**What is required**
The finished copy must match the records exactly, except that it contains no pictures.

[Crawled caption data]
⁂

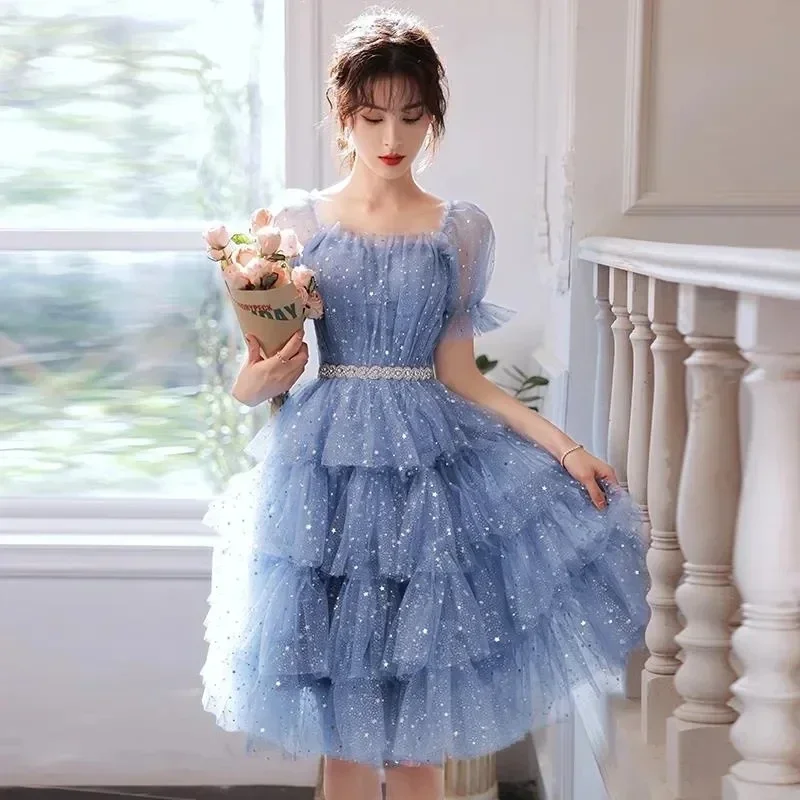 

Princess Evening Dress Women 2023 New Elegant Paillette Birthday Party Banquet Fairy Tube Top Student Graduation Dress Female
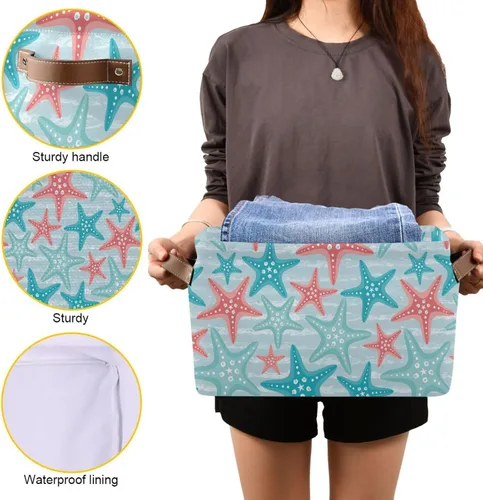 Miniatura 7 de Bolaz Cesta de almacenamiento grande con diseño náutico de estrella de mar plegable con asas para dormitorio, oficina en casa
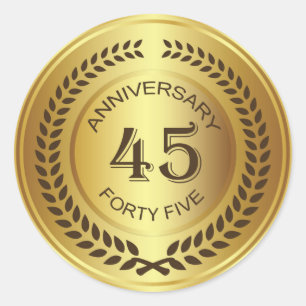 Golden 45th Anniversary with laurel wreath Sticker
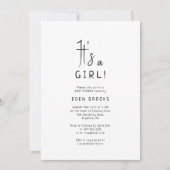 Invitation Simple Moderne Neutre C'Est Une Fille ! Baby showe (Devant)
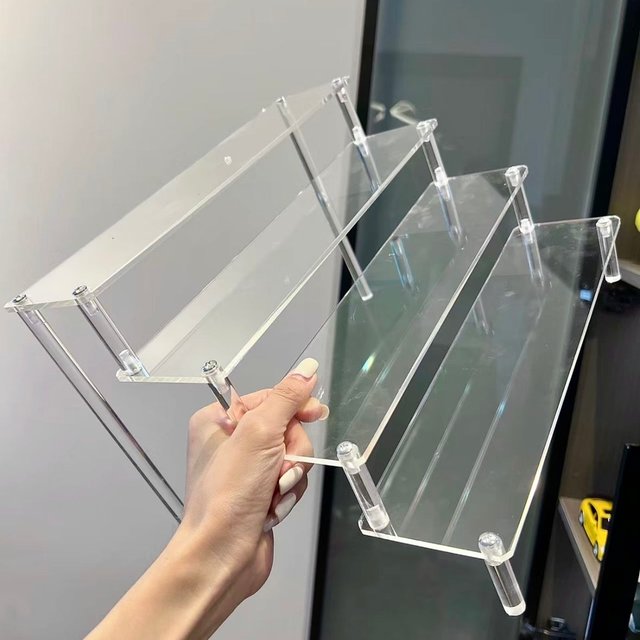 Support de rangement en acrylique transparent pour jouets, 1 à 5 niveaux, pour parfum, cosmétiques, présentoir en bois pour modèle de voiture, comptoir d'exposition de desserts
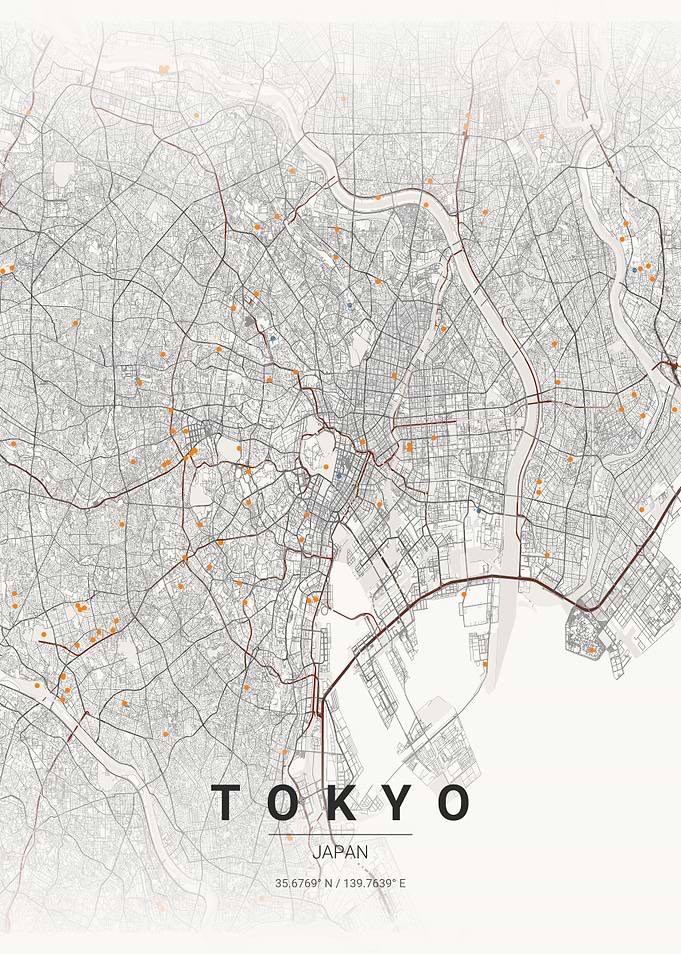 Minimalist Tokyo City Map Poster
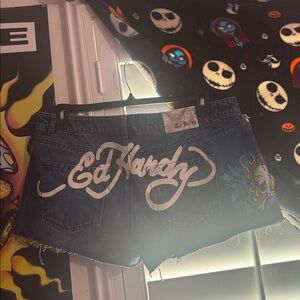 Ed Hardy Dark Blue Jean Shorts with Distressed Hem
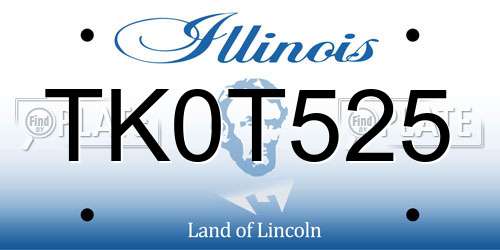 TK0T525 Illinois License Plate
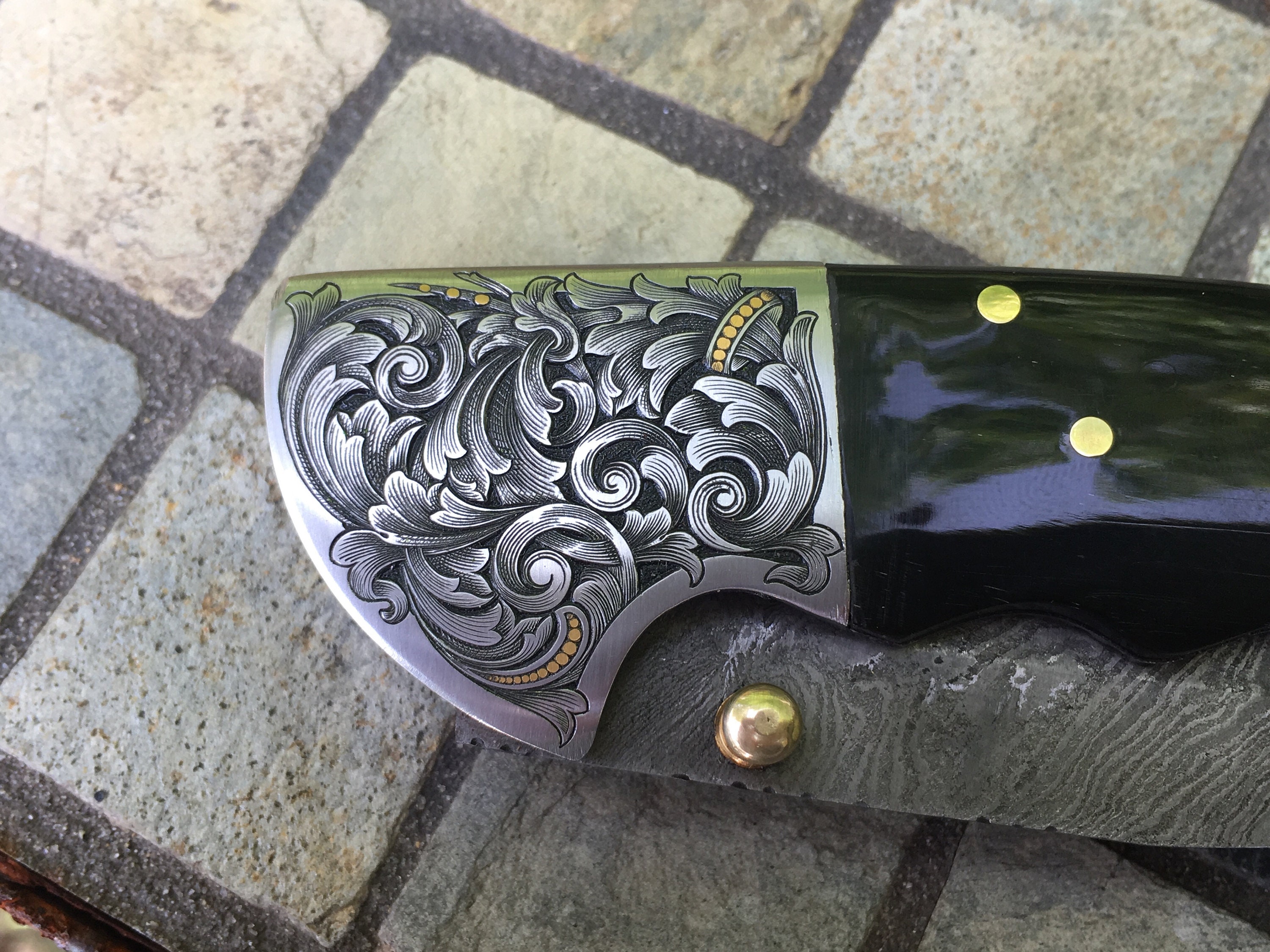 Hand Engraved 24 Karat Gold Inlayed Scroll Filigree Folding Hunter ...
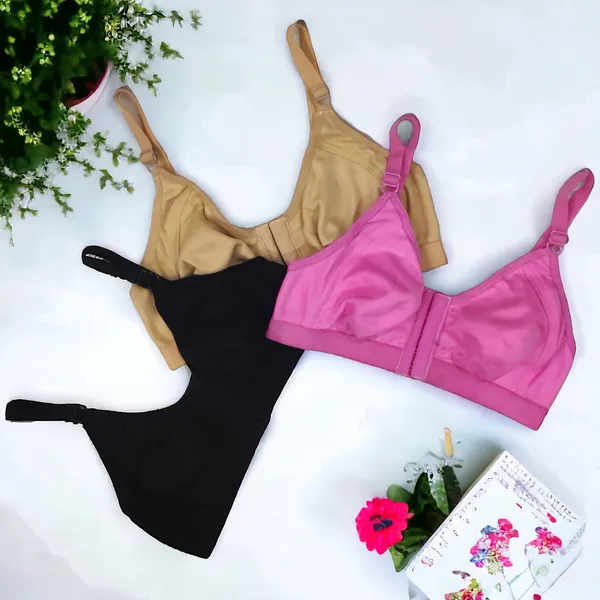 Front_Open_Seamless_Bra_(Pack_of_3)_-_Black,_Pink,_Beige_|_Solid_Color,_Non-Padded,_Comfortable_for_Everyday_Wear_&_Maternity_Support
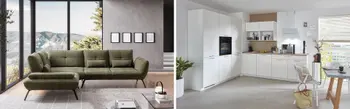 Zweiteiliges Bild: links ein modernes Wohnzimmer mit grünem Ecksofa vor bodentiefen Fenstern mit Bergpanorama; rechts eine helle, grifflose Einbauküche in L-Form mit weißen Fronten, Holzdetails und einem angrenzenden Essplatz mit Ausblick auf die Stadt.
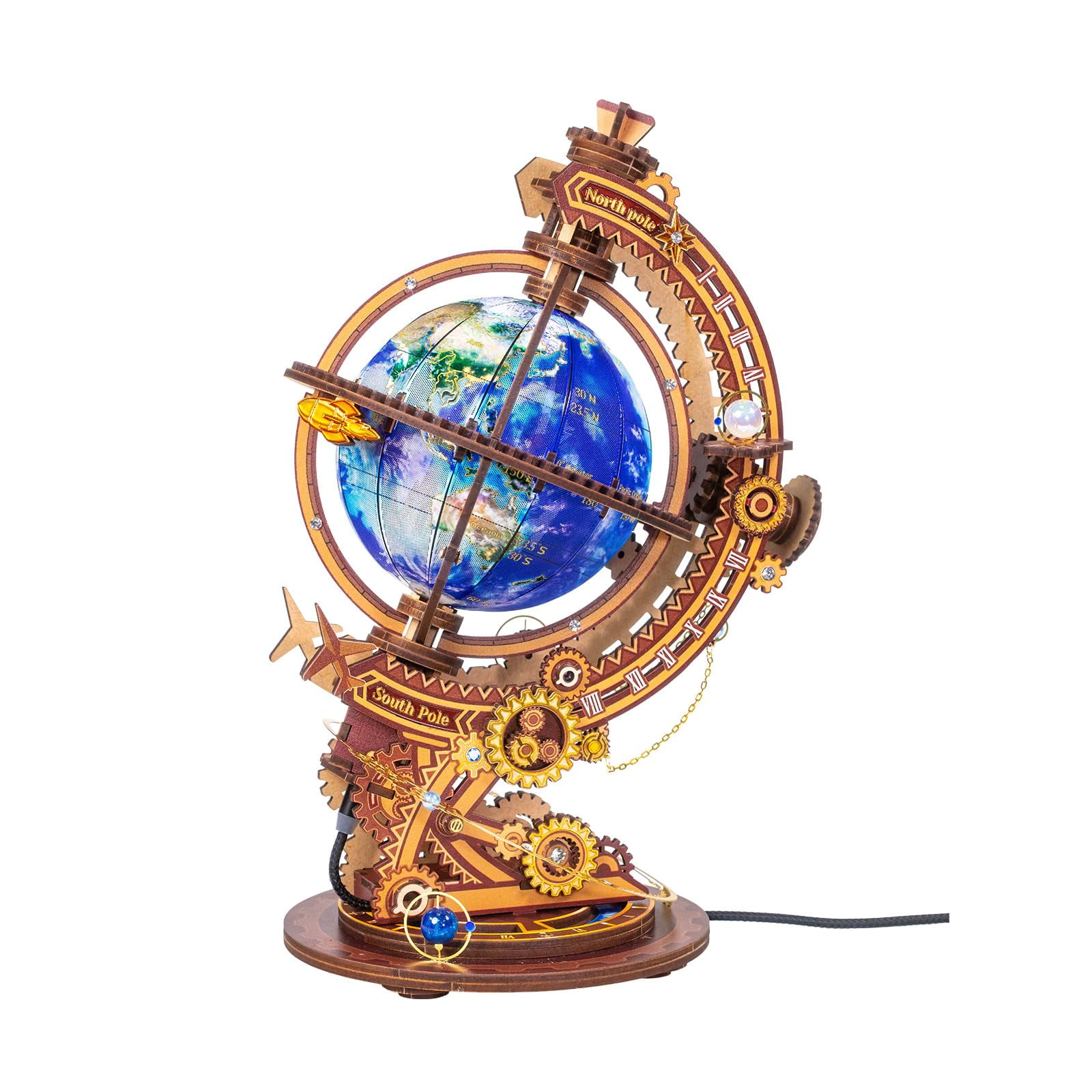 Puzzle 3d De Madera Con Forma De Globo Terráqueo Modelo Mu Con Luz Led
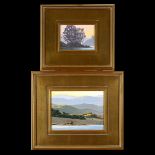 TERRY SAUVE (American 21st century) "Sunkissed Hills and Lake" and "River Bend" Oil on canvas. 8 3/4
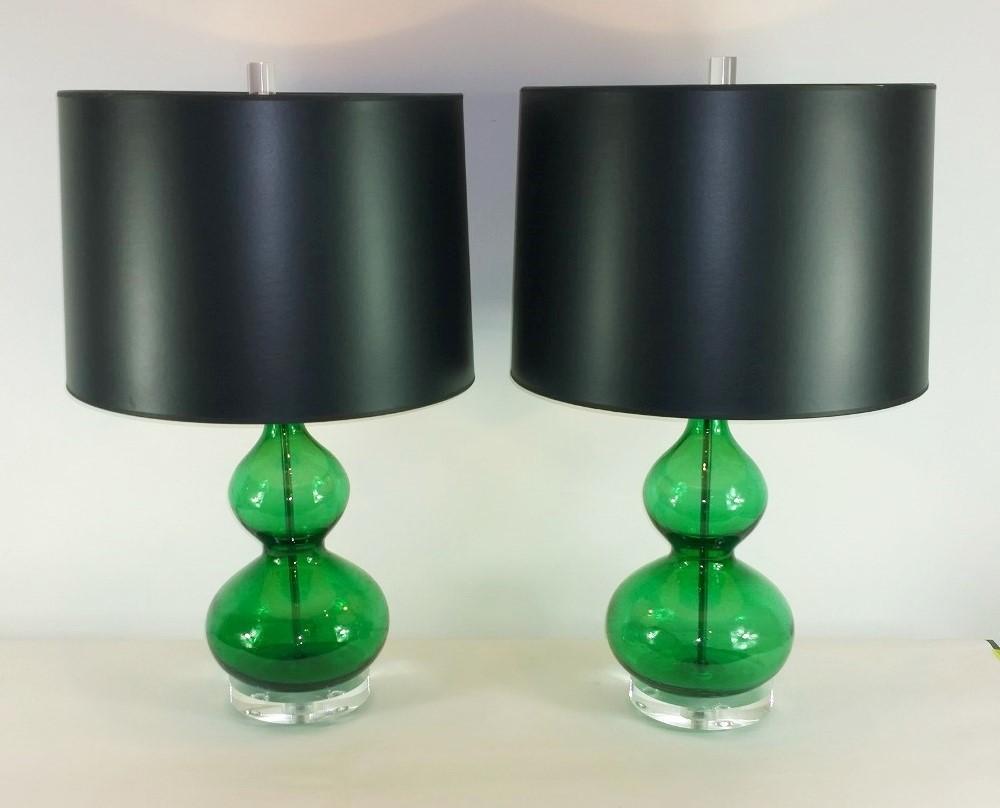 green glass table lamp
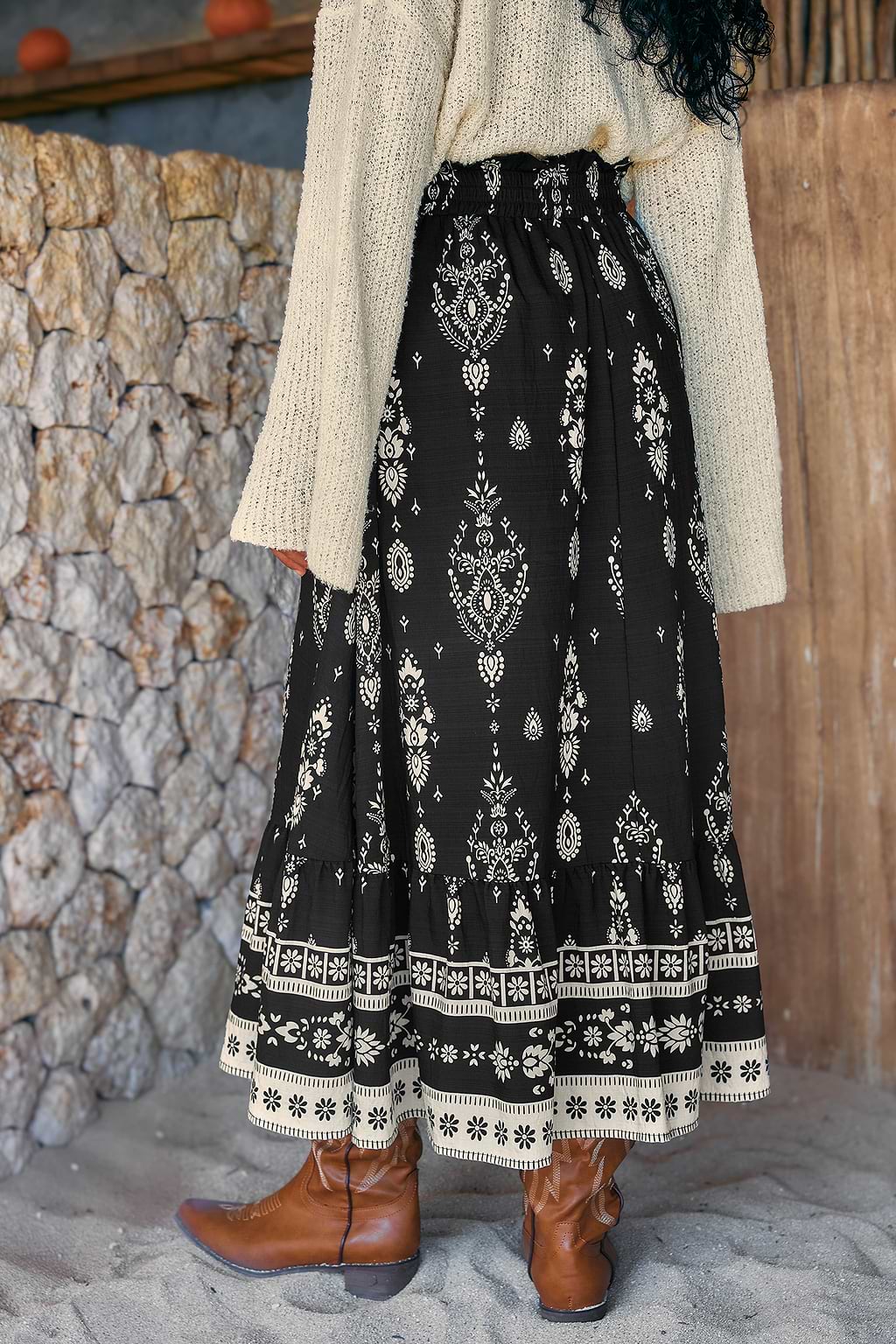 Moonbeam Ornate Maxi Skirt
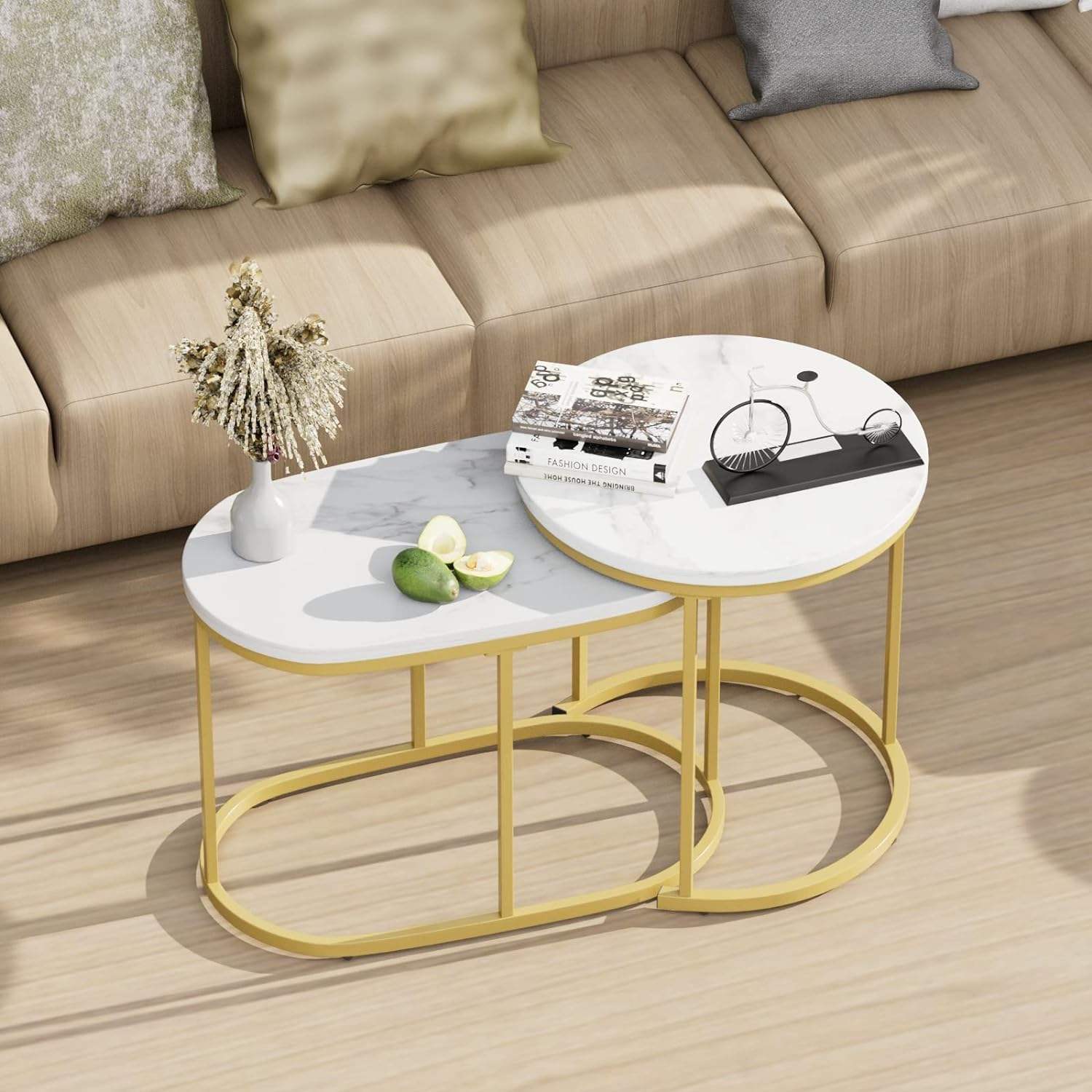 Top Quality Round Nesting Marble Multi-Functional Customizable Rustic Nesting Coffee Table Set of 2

⁂

**The completed task**
Princess Evening Dress Women 2023 New Elegant Paillette Birthday Party Banquet Fairy Tube Top Student Graduation Dress Female
 Miniatura 7 de Bolaz Cesta de almacenamiento grande con diseño náutico de estrella de mar plegable con asas para dormitorio, oficina en casa
 Golden 45th Anniversary with laurel wreath Sticker
 Invitation Simple Moderne Neutre C'Est Une Fille ! Baby showe (Devant)
 Support de rangement en acrylique transparent pour jouets, 1 à 5 niveaux, pour parfum, cosmétiques, présentoir en bois pour modèle de voiture, comptoir d'exposition de desserts
 Minimalist Tokyo City Map Poster
 Ed Hardy Dark Blue Jean Shorts with Distressed Hem
 TK0T525 Illinois License Plate
 Hand Engraved 24 Karat Gold Inlayed Scroll Filigree Folding Hunter ...
 Front_Open_Seamless_Bra_(Pack_of_3)_-_Black,_Pink,_Beige_|_Solid_Color,_Non-Padded,_Comfortable_for_Everyday_Wear_&_Maternity_Support
 Zweiteiliges Bild: links ein modernes Wohnzimmer mit grünem Ecksofa vor bodentiefen Fenstern mit Bergpanorama; rechts eine helle, grifflose Einbauküche in L-Form mit weißen Fronten, Holzdetails und einem angrenzenden Essplatz mit Ausblick auf die Stadt.
 Puzzle 3d De Madera Con Forma De Globo Terráqueo Modelo Mu Con Luz Led
 TERRY SAUVE (American 21st century) "Sunkissed Hills and Lake" and "River Bend" Oil on canvas. 8 3/4
 green glass table lamp
 Moonbeam Ornate Maxi Skirt
 Top Quality Round Nesting Marble Multi-Functional Customizable Rustic Nesting Coffee Table Set of 2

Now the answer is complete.